Emergency housing support led to 450 complaints to the Ombudsman’s Office in 2023, with the body’s annual report noting that the disparity of schemes made them difficult to understand and access.
Many of the complaints and requests for clarification received by the Ombudsman’s Office over the past year have involved situations involving emergency assistance to families to pay rent and mortgage instalments.
According to the annual report on the activities of the Ombudsman’s Office, presented to Parliament today, “the majority of the numerous requests for clarification addressed to public bodies” arose from the use of two expressions in the legislation defining this support, which ultimately had “harsh consequences both in terms of the expectations of recipients and in the speed of provision of support.”
One of the expressions refers to “the total income for determining the rate” for the purposes of measuring benefits and determining the amount of income support, and the other to the use of the “effort rate”, which is “taken from the banking lexicon” and which has been found to be inadequate “since the purpose is to measure the amount of income that a person is unable to pay”.
This situation, the document says, meant that initially people whose income level exceeded theirs were denied financial support, the monthly cost of which could be no more than 200 euros.
“From the approximately 450 requests received on this topic, one could conclude that there were difficulties of various kinds: from the very beginning, there was a lack of coordination between the services involved, namely the Institute for Housing and Urban Rehabilitation (IHRU)147, the Institute for Social Welfare and the Tax and Customs Administration,” the report says.

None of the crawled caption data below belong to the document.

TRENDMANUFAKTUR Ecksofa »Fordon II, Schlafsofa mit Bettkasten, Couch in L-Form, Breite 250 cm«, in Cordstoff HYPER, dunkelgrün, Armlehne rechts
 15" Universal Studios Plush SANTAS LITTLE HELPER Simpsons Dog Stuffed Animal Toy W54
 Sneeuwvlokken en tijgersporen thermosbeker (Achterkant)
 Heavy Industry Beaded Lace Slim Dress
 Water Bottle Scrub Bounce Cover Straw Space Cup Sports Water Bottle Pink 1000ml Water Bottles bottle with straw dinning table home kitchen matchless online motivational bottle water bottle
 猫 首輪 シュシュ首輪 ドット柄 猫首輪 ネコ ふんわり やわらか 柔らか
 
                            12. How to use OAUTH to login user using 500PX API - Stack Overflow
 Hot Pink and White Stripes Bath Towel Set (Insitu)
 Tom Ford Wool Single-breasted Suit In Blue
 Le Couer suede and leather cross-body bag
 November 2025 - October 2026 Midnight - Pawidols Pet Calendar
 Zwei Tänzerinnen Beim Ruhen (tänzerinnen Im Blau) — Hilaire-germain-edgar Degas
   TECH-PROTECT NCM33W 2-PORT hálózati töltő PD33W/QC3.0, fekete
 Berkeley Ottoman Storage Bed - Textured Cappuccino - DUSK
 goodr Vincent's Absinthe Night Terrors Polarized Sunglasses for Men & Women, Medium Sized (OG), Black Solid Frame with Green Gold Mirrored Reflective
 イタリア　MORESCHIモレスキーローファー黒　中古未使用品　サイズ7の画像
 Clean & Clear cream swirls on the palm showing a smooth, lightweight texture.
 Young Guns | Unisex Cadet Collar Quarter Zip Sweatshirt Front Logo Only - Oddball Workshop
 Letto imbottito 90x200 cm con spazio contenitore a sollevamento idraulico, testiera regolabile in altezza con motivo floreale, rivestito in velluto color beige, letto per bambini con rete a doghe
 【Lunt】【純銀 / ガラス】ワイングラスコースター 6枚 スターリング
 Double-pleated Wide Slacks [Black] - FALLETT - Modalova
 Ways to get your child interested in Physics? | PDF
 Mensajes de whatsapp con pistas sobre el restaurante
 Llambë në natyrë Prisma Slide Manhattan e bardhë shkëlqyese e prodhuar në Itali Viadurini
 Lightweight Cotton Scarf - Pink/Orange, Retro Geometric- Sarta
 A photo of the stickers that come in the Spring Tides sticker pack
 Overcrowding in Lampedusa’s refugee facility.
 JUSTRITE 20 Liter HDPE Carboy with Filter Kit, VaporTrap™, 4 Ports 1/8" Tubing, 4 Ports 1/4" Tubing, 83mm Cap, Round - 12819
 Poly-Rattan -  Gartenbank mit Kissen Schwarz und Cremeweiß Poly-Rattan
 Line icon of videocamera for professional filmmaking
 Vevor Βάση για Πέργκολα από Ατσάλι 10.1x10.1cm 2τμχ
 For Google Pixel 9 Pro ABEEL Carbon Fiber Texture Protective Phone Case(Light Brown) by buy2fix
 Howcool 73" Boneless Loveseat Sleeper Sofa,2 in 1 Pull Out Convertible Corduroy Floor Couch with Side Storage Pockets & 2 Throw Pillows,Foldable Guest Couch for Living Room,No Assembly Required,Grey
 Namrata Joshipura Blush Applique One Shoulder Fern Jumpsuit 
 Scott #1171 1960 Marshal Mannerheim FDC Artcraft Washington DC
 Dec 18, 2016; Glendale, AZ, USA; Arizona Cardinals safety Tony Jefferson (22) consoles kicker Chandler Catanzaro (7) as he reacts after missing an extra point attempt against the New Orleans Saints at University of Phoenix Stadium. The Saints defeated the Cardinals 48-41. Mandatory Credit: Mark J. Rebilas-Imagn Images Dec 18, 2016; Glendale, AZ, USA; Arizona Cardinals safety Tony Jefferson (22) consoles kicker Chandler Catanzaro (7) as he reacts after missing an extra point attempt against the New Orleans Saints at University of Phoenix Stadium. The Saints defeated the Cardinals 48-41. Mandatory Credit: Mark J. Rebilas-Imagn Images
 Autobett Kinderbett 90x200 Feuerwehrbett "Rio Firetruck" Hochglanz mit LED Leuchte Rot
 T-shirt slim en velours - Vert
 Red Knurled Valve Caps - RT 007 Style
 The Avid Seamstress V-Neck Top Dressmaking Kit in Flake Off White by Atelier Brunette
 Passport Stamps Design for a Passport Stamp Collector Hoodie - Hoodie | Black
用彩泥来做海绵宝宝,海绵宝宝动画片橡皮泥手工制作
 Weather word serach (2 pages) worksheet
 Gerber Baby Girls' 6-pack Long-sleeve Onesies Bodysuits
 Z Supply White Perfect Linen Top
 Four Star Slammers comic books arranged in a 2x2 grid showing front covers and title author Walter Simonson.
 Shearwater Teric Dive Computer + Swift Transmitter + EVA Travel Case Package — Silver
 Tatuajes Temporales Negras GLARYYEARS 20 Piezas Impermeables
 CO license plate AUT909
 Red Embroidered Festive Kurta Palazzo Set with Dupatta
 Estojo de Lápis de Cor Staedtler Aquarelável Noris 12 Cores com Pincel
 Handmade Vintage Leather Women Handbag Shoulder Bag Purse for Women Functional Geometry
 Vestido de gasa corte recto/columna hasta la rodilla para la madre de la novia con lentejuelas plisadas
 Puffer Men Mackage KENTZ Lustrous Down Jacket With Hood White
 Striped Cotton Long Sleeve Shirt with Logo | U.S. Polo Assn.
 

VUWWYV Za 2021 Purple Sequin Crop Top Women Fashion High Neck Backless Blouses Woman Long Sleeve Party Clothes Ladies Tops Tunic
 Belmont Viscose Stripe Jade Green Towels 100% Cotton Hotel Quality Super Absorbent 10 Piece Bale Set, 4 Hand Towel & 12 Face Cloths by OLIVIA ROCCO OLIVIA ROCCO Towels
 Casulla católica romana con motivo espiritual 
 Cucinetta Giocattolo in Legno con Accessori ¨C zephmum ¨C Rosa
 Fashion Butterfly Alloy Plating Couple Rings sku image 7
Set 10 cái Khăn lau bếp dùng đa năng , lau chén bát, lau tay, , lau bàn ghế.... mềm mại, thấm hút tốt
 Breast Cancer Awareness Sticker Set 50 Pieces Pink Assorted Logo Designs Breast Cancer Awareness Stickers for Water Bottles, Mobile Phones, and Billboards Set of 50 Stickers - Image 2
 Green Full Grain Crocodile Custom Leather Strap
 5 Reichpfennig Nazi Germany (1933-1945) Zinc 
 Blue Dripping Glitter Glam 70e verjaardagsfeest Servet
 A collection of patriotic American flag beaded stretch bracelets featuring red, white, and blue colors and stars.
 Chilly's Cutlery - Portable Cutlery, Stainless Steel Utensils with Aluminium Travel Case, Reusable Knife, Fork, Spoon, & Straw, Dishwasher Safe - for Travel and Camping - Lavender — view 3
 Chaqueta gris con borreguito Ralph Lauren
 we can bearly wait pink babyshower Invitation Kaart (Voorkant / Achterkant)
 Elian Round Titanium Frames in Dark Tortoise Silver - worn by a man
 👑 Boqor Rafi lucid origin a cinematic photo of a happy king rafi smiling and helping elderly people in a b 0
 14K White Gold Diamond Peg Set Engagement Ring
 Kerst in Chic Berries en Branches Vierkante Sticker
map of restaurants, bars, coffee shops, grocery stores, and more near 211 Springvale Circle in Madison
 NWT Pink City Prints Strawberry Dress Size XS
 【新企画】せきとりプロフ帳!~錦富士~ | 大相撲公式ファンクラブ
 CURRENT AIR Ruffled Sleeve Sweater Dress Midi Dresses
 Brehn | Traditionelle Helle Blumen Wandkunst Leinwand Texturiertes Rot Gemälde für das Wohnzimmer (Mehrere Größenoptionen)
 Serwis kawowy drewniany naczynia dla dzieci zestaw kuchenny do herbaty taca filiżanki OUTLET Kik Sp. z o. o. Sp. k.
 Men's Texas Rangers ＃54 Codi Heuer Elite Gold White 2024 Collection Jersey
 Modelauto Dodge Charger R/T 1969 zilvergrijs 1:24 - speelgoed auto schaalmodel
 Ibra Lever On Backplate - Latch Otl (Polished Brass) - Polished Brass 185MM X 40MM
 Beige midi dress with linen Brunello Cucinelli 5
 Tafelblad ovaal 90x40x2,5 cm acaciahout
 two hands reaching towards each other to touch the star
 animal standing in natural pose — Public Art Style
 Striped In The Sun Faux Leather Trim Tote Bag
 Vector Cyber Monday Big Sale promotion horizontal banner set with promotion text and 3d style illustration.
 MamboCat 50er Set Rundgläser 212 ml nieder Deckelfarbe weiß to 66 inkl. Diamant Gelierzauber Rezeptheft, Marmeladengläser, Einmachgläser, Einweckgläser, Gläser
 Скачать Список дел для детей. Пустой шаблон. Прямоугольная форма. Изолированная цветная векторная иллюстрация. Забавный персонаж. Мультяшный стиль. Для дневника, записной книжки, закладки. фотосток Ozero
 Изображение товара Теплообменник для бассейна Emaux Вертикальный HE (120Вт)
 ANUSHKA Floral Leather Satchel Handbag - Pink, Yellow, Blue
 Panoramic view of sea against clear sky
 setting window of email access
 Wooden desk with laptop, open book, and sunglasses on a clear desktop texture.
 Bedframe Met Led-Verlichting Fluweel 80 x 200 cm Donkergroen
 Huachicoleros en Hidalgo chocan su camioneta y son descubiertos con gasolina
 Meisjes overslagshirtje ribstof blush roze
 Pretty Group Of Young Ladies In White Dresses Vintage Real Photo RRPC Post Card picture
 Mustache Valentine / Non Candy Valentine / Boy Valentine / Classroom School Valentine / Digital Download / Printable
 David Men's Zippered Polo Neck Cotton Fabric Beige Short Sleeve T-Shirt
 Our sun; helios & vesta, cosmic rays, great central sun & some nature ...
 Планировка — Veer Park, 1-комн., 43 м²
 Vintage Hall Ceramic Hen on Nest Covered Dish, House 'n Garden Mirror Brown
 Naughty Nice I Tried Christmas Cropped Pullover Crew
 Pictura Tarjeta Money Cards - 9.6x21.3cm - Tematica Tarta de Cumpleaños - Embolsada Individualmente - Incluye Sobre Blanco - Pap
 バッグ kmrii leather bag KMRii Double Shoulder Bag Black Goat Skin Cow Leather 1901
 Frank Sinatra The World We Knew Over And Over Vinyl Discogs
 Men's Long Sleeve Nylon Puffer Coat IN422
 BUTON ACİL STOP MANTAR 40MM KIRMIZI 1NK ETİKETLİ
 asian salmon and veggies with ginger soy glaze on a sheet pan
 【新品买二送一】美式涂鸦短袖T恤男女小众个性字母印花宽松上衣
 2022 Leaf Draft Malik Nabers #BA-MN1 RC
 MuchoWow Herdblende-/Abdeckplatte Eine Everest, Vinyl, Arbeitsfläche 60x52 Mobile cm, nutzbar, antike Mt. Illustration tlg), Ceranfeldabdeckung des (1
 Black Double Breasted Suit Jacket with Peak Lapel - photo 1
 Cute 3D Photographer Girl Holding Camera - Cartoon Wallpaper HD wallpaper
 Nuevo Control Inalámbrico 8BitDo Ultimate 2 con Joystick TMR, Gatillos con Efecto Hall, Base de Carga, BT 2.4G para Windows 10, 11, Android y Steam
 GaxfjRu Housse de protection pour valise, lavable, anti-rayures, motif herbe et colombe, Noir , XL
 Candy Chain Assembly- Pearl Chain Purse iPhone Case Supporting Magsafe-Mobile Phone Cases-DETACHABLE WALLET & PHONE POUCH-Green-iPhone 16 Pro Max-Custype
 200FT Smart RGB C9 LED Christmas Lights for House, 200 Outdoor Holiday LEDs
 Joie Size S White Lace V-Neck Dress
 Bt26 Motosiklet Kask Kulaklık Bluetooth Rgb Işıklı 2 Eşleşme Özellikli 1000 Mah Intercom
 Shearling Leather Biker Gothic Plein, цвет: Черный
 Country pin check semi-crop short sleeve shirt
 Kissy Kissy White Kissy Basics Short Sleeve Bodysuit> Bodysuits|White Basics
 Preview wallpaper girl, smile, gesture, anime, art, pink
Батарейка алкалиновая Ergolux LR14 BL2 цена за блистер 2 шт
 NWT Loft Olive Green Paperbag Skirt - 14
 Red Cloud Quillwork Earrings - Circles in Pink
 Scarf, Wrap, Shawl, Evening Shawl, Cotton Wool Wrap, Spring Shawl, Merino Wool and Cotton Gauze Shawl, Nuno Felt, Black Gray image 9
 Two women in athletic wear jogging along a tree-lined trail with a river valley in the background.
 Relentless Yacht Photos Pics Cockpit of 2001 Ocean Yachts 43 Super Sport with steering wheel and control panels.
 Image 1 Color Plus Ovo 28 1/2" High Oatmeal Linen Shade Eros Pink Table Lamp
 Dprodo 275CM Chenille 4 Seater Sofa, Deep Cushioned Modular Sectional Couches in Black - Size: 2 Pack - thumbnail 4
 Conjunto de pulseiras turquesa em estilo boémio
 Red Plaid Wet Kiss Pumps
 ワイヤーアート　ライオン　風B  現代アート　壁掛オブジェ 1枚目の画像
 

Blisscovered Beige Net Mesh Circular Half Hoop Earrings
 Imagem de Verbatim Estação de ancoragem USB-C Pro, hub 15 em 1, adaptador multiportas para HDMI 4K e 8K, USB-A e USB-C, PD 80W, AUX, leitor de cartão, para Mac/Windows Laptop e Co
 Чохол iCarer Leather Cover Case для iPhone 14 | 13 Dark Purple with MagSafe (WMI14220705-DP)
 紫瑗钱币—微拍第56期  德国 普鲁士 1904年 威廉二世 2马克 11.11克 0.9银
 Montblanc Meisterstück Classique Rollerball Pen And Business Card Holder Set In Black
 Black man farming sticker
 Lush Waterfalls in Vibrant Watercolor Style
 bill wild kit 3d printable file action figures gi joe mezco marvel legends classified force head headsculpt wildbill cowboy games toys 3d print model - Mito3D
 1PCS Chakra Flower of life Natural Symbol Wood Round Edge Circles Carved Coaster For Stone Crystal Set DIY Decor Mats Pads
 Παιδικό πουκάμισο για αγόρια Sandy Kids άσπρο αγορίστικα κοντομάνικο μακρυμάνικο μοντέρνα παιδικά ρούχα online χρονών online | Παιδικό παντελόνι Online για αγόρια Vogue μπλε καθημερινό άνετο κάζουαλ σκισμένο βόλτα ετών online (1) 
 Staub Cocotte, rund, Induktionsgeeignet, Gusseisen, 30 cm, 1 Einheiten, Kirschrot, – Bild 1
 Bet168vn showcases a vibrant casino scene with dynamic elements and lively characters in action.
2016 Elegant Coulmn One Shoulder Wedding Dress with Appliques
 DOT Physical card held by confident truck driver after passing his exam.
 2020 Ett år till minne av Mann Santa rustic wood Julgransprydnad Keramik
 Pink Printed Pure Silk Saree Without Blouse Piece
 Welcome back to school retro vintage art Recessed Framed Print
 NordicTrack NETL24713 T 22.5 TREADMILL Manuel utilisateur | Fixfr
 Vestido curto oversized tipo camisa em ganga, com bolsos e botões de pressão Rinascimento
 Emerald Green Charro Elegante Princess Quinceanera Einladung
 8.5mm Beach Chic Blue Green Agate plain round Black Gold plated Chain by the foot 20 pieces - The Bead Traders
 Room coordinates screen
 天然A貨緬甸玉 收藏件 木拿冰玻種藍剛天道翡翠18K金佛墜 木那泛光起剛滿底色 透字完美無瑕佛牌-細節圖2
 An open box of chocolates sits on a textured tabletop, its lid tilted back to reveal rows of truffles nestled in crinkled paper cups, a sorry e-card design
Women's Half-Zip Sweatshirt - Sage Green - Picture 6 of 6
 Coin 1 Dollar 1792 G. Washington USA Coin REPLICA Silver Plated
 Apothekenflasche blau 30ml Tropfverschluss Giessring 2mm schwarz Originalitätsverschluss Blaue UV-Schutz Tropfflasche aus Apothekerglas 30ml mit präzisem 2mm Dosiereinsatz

The Ombudsman also notes that “equally obvious was the lack of prior consultation with the services regarding the ability to adapt human and IT resources to the requirements of the applicable law.”
The document, prepared by the organization headed by María Lucía Amaral, also points to the “proliferation of schemes and programs” for housing support, as well as the “constant changes” to which they are subjected, which can have a “perverse effect, harming their housing” beneficiaries and, among them, causing the most serious harm to the most vulnerable groups of the population, “since they are less informed and less autonomous in seeking and receiving clarifications.”
Given this scenario, the report adds that social care workers themselves “are unaware, given their large numbers and fluidity, of all the measures, programmes and schemes available in terms of housing support”.